Future demo to add: ratio of speed of light to speed of sound. Coax with big hollow tubes that can contain either air or helium gas. Simultaneously measure accoustic resonances with speakers and amplifiers and RF resonances on network analyzer. Ratio of frequencies gives ratio of speed of sound in air or helium to speed of light. Can also bang on the pipe with something metal to make a ringing noise the frequency of which gives the speed of sound in the metal of the outer pipe.

Waveguides

Pass around various waveguide components. They can be found in the fourth floor closet.
Measure the throughput of a waveguide on the network analyzer, explain the cutoff frequency.

Antennas and free fields

Everything has the following setup for detection:

PC speakers are plugged into the wall, and with the volume turned up they can be quite loud if needed. The diode is a broadband detector that should be with the antenna demos in the 4th floor closet. Any incoming RF signal with an audio amplitude modulation will produce an audio signal from the speakers. The dipole antenna in the above diagram is a female press fit SMA connector with wires soldered on.

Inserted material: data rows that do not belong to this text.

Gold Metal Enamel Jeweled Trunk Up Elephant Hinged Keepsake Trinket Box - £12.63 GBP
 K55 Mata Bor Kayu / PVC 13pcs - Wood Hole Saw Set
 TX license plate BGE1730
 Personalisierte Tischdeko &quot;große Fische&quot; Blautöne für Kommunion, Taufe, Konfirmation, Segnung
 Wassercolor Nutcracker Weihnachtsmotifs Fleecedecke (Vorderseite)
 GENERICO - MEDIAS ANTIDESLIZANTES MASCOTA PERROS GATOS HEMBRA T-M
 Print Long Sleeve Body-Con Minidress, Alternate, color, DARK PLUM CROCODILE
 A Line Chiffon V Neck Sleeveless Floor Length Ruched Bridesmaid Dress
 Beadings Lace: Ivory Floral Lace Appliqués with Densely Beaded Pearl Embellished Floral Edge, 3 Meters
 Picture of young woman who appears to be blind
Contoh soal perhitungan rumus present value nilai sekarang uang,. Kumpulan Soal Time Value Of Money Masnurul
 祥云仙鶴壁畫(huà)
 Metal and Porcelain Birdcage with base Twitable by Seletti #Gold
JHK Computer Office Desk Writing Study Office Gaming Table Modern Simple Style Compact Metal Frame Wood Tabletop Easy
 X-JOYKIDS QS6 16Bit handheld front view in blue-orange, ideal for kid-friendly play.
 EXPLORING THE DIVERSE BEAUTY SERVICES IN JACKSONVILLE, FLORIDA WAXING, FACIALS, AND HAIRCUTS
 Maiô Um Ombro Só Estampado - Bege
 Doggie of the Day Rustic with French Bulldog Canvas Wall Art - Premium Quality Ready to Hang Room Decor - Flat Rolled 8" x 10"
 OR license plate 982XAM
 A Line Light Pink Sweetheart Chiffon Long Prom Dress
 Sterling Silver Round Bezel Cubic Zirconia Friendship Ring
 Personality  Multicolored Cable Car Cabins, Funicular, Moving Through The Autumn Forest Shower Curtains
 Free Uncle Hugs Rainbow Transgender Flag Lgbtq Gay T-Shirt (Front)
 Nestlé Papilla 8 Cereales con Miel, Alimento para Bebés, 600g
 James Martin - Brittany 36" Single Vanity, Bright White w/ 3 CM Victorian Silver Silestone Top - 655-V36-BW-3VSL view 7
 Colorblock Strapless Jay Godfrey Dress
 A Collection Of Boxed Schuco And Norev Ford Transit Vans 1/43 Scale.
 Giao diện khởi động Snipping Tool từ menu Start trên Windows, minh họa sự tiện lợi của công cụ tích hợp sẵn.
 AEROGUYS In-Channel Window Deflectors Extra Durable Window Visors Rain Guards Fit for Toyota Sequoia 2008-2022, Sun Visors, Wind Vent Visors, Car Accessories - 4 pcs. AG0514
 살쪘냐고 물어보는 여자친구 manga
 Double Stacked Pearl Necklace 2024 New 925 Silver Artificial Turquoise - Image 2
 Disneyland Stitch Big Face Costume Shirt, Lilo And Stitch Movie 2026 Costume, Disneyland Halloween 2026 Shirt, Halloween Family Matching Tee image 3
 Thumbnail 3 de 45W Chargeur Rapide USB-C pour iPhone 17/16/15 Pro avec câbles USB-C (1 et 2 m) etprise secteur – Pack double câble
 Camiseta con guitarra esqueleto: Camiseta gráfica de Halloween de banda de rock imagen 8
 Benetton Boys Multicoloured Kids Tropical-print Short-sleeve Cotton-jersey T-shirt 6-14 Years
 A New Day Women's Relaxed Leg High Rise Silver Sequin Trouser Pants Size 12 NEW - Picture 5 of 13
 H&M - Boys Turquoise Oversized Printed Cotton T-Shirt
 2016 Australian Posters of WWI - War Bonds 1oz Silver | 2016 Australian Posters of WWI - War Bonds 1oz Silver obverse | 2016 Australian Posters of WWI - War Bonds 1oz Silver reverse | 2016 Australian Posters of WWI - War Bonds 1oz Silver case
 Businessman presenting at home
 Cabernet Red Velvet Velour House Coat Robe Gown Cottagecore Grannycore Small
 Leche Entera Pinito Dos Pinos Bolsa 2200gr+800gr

Use a dipole antenna for the source, connected to 2.5 GHz or so microwave source with a 1 kHz amplitude modulation. Several of the microwave generators in the lab will do this with the internal oscillator. With both the source and the detector as dipoles, the shape and polarization of the diple field can be demonstrated.
Use the 10 GHz horn as a source and demonstrate polarization. This can be found in a box of demos in the 4th floor closet, and comes with an audio generator. You just plug it all in and it works, with no added equipment.
Play around with polarizers, showing both transmission and reflection, make a periscope out of two polarizers.
Show that the signal can ricochet off of the chalkboard
Show scattering from x-ray diffraction solid. This is a styrofoam block with ball bearings in it which can be found in the 4th floor closet.
Demonstrate Pringles can directional antenna with 2.5 GHz radiation. This is also in the closet.